My grandmother, Raleigh Mae Farrar, communicated regularly with most of the families on the Next-of-Kin list she received from the War Department. The document listed all the crew members that were aboard Lead Banana on September 28, 1944 in the mid-air collision with Lazy Daisy. One family from which she did not receive any letters was the McMann family. The letter of April 9, 1945 from Mrs. Buslee to Raleigh Mae Farrar indicates that none of the families had heard from the McManns.
Their son, George Francis McMann, Jr., was the ball turret gunner with the Stanley M. Gilbert crew. September 28, 1944 was the first time McMann had flown with the Buslee crew. He had just flown with the Gilbert crew the day before, September 27, but the Gilbert crew did not fly on September 28. McMann was selected for that mission as ball turret gunner for the Buslee crew, one of a long list of replacements for original Buslee crew ball turret gunner, Erwin V. Foster.
The only other Gilbert crew member to fly on September 28 was Jack V. Carella, the tail gunner. Carella joined Buslee navigator, Chester Rybarczyk, on Hot Nuts with the William J. Blankenmeyer crew on September 28.
According to the Blankenmeyer Sortie Report, on Mission 201 to Magdeburg on September 28, 1944, aircraft 42-39888, known as Hot Nuts, “Left formation after target for unknown reasons, but returned to base.” Undoubtedly, the crew aboard Hot Nuts left formation in an attempt to determine the fate of the crews of the Lead Banana and Lazy Daisy, especially the Buslee crew aboard Lead Banana, as Chester Rybarczyk was normally a part of that crew and could have been on that plane if he had not replaced Robert H. Obermeyer on the Blankenmeyer crew.
Jack Carella must have been very concerned for his Gilbert crewmate, George McMann, as well. The two men aboard Hot Nuts were watching their close friends’ plane go down as described in MACR (Missing Air Crew Report) 9753, with “pieces of tail and wings falling off.” Lead Banana was “going down in flames, spinning into the clouds.”

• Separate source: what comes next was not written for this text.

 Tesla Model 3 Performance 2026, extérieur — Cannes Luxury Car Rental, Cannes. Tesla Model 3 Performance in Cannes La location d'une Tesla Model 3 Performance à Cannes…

Two days after witnessing the mid-air collision between Lead Banana and Lazy Daisy, tail gunner Jack Carella returned to the skies with the Gilbert crew for mission 202 on September 30 to the German Air Force (Luftwaffe) airfield, Handorf Airfield, in Münster, Germany. Joining him on the Gilbert crew that day was none other than Erwin V. Foster, whose absence from the Buslee crew since September 9 had put George McMann in the ball turret on Lead Banana on September 28. From his position in the ball turret, Foster would have had a great view except for the clouds that day, clouds which obscured the primary target and resulted in a decision to release the bombs on the center of the city.
Foster and Carella continued to fly together on the Gilbert crew until the end of their tours. Carella completed his tour on January 28, 1945 and returned to the states. Foster completed his tour a month later on February 28. Along the way, Foster was able to serve one more time with one of his original Buslee crew mates, engineer/top turret gunner, Clarence B. Seeley, eight days before Foster’s final mission. They were reunited on mission 269 on February 20 to a railroad target in Nuremburg, Germany. Seeley eventually completed his tour on March 10.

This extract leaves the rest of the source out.